● What you will do
Repeat the stretch of entries below from the line with "Und Der Zukunft" through the line with "Miami Shopping Haul". Include both ends and add nothing.

Segment Start: Data for analysis

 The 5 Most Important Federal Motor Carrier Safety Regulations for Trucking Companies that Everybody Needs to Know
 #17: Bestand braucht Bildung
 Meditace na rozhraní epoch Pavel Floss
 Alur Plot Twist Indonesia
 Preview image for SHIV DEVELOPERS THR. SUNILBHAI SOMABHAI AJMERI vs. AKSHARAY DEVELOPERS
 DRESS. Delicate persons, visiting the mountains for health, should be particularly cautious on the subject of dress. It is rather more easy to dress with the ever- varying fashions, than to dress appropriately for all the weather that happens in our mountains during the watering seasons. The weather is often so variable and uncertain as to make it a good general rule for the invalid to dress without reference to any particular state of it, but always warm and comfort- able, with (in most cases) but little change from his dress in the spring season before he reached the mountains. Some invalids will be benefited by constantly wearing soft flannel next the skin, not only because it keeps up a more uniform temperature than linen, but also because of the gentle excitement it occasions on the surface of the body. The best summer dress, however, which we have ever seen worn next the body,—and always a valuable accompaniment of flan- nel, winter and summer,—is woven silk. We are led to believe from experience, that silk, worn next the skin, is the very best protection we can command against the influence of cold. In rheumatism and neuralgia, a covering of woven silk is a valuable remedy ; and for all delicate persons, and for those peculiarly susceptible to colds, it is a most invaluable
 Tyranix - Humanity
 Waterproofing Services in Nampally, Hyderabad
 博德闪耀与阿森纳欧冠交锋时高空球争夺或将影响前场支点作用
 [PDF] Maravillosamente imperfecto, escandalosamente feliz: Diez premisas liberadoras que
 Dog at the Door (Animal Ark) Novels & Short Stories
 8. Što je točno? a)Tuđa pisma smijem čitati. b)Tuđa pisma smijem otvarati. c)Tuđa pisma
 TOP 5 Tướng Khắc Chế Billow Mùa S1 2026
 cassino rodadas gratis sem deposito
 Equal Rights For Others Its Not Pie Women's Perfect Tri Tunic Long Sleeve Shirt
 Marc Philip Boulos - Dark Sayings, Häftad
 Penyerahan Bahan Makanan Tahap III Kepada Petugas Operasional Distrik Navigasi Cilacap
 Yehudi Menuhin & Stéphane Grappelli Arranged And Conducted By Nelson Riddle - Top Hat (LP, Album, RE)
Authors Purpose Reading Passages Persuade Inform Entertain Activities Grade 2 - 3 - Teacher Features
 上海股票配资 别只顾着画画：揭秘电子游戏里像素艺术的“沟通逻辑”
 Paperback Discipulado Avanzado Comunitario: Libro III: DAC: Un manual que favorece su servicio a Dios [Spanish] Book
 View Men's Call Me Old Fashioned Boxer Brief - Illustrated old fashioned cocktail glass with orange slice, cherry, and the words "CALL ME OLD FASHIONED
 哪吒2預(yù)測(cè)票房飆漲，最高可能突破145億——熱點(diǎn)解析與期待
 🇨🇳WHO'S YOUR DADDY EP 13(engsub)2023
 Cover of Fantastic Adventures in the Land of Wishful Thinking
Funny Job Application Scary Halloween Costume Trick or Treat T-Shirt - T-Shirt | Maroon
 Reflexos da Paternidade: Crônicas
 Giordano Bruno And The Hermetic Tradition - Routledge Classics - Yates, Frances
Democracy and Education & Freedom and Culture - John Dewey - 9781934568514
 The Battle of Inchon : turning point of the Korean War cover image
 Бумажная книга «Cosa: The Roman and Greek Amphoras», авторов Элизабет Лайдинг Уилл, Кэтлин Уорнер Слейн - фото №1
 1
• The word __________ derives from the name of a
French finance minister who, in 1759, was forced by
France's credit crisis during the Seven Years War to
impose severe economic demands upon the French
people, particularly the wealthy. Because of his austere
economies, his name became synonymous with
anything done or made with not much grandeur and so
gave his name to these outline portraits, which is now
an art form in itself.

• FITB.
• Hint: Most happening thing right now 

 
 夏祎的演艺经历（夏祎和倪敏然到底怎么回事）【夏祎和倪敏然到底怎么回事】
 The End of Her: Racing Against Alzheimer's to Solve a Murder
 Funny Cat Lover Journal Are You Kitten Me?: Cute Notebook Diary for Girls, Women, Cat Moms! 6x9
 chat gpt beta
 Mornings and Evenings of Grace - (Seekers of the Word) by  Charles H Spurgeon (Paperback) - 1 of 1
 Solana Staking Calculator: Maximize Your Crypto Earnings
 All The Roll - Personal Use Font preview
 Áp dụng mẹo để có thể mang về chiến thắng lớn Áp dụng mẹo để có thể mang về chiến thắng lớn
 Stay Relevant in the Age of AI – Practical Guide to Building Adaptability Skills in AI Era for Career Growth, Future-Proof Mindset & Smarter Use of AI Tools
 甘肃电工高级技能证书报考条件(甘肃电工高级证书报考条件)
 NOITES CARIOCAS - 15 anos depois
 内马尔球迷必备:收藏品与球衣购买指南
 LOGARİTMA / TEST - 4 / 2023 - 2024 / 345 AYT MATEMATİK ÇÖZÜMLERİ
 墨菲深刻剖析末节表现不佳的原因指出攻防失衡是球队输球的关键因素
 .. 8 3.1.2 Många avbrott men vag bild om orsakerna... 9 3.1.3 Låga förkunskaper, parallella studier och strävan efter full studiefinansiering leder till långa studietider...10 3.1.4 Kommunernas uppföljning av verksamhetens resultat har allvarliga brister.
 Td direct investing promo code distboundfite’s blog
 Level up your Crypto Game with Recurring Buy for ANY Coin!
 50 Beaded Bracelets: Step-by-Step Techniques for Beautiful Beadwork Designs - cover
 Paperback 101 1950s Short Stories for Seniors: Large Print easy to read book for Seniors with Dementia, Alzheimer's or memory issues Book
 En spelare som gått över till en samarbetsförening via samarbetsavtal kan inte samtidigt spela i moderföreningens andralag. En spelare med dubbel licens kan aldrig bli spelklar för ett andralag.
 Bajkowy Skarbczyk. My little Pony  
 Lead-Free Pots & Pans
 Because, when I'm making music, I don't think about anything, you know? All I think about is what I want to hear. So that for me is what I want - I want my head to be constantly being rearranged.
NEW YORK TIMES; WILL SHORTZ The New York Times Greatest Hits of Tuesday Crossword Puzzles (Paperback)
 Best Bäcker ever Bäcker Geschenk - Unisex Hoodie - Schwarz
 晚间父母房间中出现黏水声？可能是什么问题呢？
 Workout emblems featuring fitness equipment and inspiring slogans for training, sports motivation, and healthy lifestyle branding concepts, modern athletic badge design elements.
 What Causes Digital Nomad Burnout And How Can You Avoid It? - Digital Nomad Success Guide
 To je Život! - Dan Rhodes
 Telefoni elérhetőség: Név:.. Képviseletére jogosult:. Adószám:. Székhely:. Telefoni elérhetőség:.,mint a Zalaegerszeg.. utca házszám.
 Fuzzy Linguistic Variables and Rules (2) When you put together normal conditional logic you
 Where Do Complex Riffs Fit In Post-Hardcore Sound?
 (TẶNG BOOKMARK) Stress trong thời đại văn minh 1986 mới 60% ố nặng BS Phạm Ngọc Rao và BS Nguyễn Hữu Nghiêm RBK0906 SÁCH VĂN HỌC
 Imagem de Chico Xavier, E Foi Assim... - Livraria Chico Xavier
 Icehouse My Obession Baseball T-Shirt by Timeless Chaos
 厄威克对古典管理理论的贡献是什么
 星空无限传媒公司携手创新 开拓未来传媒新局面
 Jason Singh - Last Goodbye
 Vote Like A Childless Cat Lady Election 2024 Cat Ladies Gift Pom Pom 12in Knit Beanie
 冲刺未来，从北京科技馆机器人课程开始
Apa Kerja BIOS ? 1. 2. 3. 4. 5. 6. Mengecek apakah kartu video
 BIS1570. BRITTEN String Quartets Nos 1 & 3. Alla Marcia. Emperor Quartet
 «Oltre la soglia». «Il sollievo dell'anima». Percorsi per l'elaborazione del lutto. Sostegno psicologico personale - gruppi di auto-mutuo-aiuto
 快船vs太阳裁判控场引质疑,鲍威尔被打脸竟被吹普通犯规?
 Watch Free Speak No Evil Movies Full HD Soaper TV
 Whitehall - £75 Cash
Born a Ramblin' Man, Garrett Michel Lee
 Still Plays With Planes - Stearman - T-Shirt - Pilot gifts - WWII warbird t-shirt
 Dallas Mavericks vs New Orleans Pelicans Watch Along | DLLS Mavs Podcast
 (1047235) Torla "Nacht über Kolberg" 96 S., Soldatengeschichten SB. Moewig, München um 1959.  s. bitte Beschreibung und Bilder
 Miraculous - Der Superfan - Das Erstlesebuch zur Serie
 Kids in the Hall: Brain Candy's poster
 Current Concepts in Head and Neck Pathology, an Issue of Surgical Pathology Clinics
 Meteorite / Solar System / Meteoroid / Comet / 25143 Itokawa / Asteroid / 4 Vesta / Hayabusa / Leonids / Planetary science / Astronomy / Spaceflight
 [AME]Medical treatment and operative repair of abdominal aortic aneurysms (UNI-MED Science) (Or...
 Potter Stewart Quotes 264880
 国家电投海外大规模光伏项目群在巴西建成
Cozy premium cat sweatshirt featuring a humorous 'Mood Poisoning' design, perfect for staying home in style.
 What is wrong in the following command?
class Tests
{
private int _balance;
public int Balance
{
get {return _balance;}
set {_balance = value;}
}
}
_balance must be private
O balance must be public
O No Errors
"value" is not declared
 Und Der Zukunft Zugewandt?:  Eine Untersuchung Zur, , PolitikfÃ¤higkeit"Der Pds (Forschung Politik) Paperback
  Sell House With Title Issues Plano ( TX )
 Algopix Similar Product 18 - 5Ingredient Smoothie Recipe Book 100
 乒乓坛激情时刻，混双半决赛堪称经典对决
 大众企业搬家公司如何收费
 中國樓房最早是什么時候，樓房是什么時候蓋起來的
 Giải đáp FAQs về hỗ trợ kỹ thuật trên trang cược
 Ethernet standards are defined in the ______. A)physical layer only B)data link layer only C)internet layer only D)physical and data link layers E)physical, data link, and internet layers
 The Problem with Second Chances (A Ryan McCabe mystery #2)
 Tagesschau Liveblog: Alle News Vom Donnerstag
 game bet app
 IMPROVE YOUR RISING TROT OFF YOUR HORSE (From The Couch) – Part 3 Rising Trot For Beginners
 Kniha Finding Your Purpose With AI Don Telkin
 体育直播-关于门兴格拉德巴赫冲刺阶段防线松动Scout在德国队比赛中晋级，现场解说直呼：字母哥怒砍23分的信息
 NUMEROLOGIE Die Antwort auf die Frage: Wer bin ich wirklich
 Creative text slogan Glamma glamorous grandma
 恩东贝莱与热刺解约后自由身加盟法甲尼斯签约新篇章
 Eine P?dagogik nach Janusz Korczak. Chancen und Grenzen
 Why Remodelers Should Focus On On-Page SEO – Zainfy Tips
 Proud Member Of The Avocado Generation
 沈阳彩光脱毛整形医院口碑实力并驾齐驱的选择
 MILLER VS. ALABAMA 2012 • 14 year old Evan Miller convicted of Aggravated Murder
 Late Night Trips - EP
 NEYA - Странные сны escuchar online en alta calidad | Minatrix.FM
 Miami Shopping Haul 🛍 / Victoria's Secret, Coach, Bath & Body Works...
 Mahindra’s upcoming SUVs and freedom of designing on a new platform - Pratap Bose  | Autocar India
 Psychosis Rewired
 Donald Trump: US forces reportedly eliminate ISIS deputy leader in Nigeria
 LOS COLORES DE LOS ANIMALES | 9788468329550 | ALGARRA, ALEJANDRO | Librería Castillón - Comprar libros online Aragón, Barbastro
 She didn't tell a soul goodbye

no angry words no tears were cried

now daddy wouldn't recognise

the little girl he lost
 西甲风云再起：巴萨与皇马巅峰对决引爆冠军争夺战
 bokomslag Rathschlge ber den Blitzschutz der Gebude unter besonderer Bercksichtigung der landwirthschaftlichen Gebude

Segment End: Data for analysis

● Answer box
 Und Der Zukunft Zugewandt?:  Eine Untersuchung Zur, , PolitikfÃ¤higkeit"Der Pds (Forschung Politik) Paperback
  Sell House With Title Issues Plano ( TX )
 Algopix Similar Product 18 - 5Ingredient Smoothie Recipe Book 100
 乒乓坛激情时刻，混双半决赛堪称经典对决
 大众企业搬家公司如何收费
 中國樓房最早是什么時候，樓房是什么時候蓋起來的
 Giải đáp FAQs về hỗ trợ kỹ thuật trên trang cược
 Ethernet standards are defined in the ______. A)physical layer only B)data link layer only C)internet layer only D)physical and data link layers E)physical, data link, and internet layers
 The Problem with Second Chances (A Ryan McCabe mystery #2)
 Tagesschau Liveblog: Alle News Vom Donnerstag
 game bet app
 IMPROVE YOUR RISING TROT OFF YOUR HORSE (From The Couch) – Part 3 Rising Trot For Beginners
 Kniha Finding Your Purpose With AI Don Telkin
 体育直播-关于门兴格拉德巴赫冲刺阶段防线松动Scout在德国队比赛中晋级，现场解说直呼：字母哥怒砍23分的信息
 NUMEROLOGIE Die Antwort auf die Frage: Wer bin ich wirklich
 Creative text slogan Glamma glamorous grandma
 恩东贝莱与热刺解约后自由身加盟法甲尼斯签约新篇章
 Eine P?dagogik nach Janusz Korczak. Chancen und Grenzen
 Why Remodelers Should Focus On On-Page SEO – Zainfy Tips
 Proud Member Of The Avocado Generation
 沈阳彩光脱毛整形医院口碑实力并驾齐驱的选择
 MILLER VS. ALABAMA 2012 • 14 year old Evan Miller convicted of Aggravated Murder
 Late Night Trips - EP
 NEYA - Странные сны escuchar online en alta calidad | Minatrix.FM
 Miami Shopping Haul 🛍 / Victoria's Secret, Coach, Bath & Body Works...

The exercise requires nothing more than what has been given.